W czasie wojny w Rwandzie agenda ONZ zakupiła ogromne ciężarówki Volvo do pomocy uchodźcom – w Gomie był obóz, który mieścił milion (!) uciekinierów. Ciężarówki nigdzie nie mogły dojechać z prostego powodu – braku dróg. Ktoś na tym zarobił. Uchodźcy dostali też namioty przypominające foliowe tunele – z przezroczystego tworzywa. Szklarnie do mieszkania w Afryce!

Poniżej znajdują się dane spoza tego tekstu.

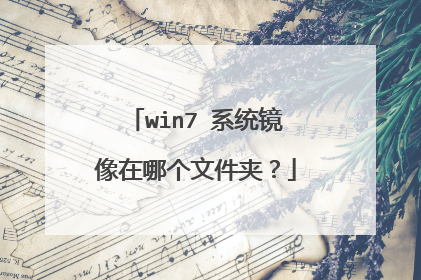 win7 系统镜像在哪个文件夹？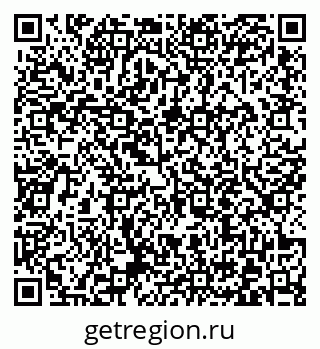 79372013165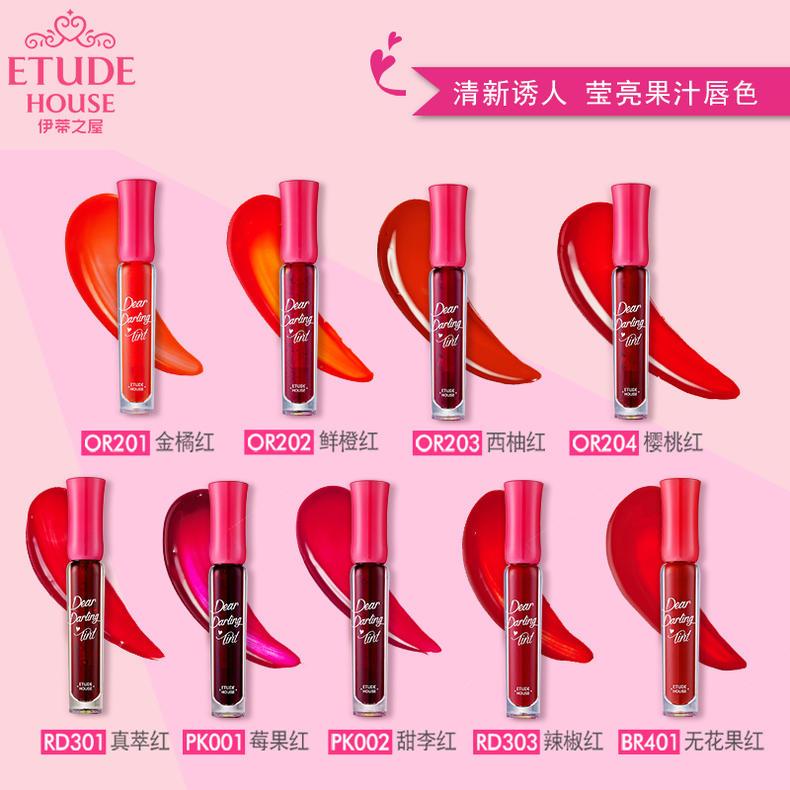 秋冬口红润唇,秋冬口红滋润防干裂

Ktoś się tych namiotów pozbył. Jedna z organizacji założyła w tym obozie ogrodzony szpital i lekarze przyjmowali w nim tych, którzy byli się w stanie do niego doczołgać. Inni umierali. Nasza wspólnota, która też tam działała, wzięła dziecięcy wózek, dwie pielęgniarki, leki i opatrunki. Dziewczyny szły do leżących przy drodze, a jeśli ktoś musiał trafić do szpitala, zawiadamiały chłopaków, którzy przenosili go na plecach. Pomogli tak kilku tysiącom ludzi. Tymczasem, zanim przyjechały ekipy z agend ONZ, w sąsiednich krajach remontowano dla nich luksusowe hotele z klimatyzacją.

Gdy słyszymy o korupcji w agendach ONZ albo o tym, że pomoc humanitarna trafia do lokalnych kacyków, jak mamy ufać organizacjom? Skoro nasze datki mają się zmarnować, nie robimy nic.

Nasza wspólnota – a jesteśmy nędzarzami – zorganizowała zbiórkę, wynajęła ukraiński samolot transportowy, a następnie ciężarówkami ludzi z miejscowego Caritasu dostarczyła pomoc do obozu, gdzie rozdawano ją bezpośrednio. Było zero strat. Zero. Oczywiście, nie każdy ma takie możliwości. Ale można działać podobnie na lokalnym szczeblu: np. założyć w parafii niewielkie koło, które nawiąże bezpośredni kontakt z ludźmi pracującymi w Afryce. W Beninie i Togo prowadzimy niewielki fundusz stypendialny dla sierot. W Polsce zbieramy pieniądze, a nasza wspólnota na miejscu opłaca kilku dzieciom szkołę. By młody człowiek mógł później sam zarobić na życie.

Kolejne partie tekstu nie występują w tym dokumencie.